For vacuum microelectronic devices to be used in flat panel displays, a low turn-on voltage and stable emission currents are required for the field emitter. Spindt-type metal emitters are commonly employed for field emission displays. However, silicon emitters have been the subject of intense study by many researchers due to the extensive knowledge which exists concerning the process compatibility with integrated circuits. Silicon emitters have certain inherent problems such as relatively poor electrical conductivity, poor thermal conductivity, and easy formation of insulting oxide on the surface. To solve these problems surface modifications such as metal coating, diamond-like carbon film coating, silicide coating, and nitride coating have been performed. Among them, metal-silicide emitters significantly enhanced emission current and stability. But generally, the formation of a metal-silicide structure on silicon emitters requires two steps, such as metal deposition and conversion to silicide by thermal annealing at high temperature. In the case of cobalt silicide, a capping layer on Co metal is required to prevent the formation of oxide during thermal annealing. In this study, we coated a $CoSi_2$ layer in situ on a Si emitter tip at 650℃ from a cobalt metalorganic source by reactive chemical vapor deposition (CVD) to simplify the tip-coating process. CVD commonly offers advantages such as a uniform and conformal deposition over a large area. A $CoSi_2$ layer was grown at a lowered process temperature to 650℃, and epitaxially grown on a Si tip in the partial region. The $CoSi_2$-coated Si emitters showed an enhanced emission due to the increase in the number of emitting sites and decrease of work function from the Fowler-Nordheim plot. The fluctuation of emission currents was reduced by the $CoSi_2$ coating. But the long-term stability was not much improved, which may be due to the agglomeration of $CoSi_2$ near the apex during dc bias stress.

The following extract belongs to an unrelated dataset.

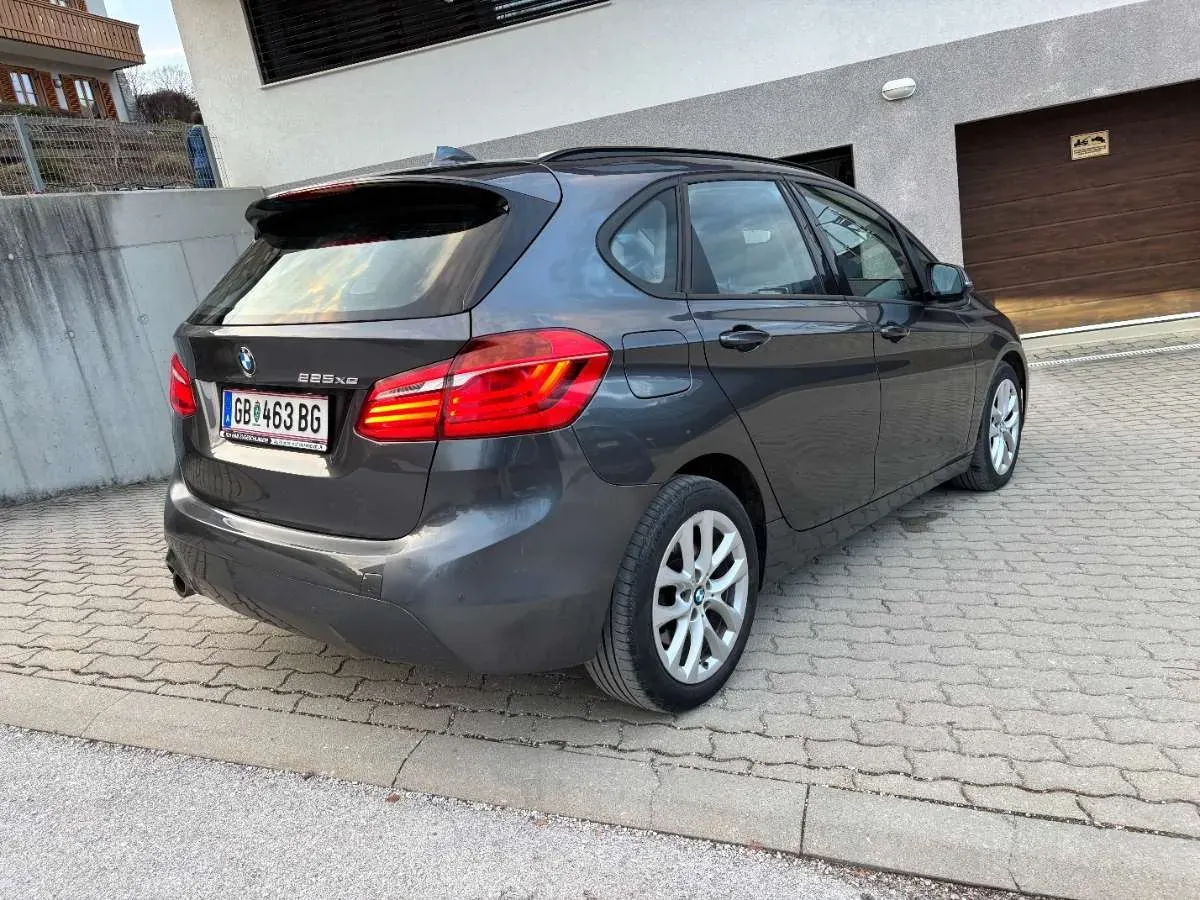 BMW 2 Series 2019 photo 3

To enhance the long-term stability, TiN having better high temperature stability than $CoSi_2$ was coated on Si tip. The TiN coating greatly reduced the turn-on voltage and improved the long-term stability because TiN has a low work function, high melting point (2950℃) and high thermal conductivity. But TiN did not increase the emission current to a level as high as the $CoSi_2$ coating due to the higher electrical resistivity than that of $CoSi_2$.
The merits of $CoSi_2$ and TiN, high emission current by $CoSi_2$ and low turn-on voltage and long-term stability by TiN can be utilized for field emitter arrays(FEAs) via the introduction of a $CoSi_2$/TiN bilayer coating. The $CoSi_2$ layer was conformally coated on the Si tips and the TiN layer well adhered to the $CoSi_2$ layer. The $CoSi_2$/TiN coated emitters showed a low-turn voltage due to the low work function by TiN a steep current increase caused by $CoSi_2$. The current fluctuation of $CoSi_2$/TiN-coated Si emitter was smaller than that of TiN-coated emitter. The long-term emission stability of $CoSi_2$/TiN coated Si emitter was greatly improved compared to the $CoSi_2$ coated emitter because of the superior high temperature stability of TiN layer.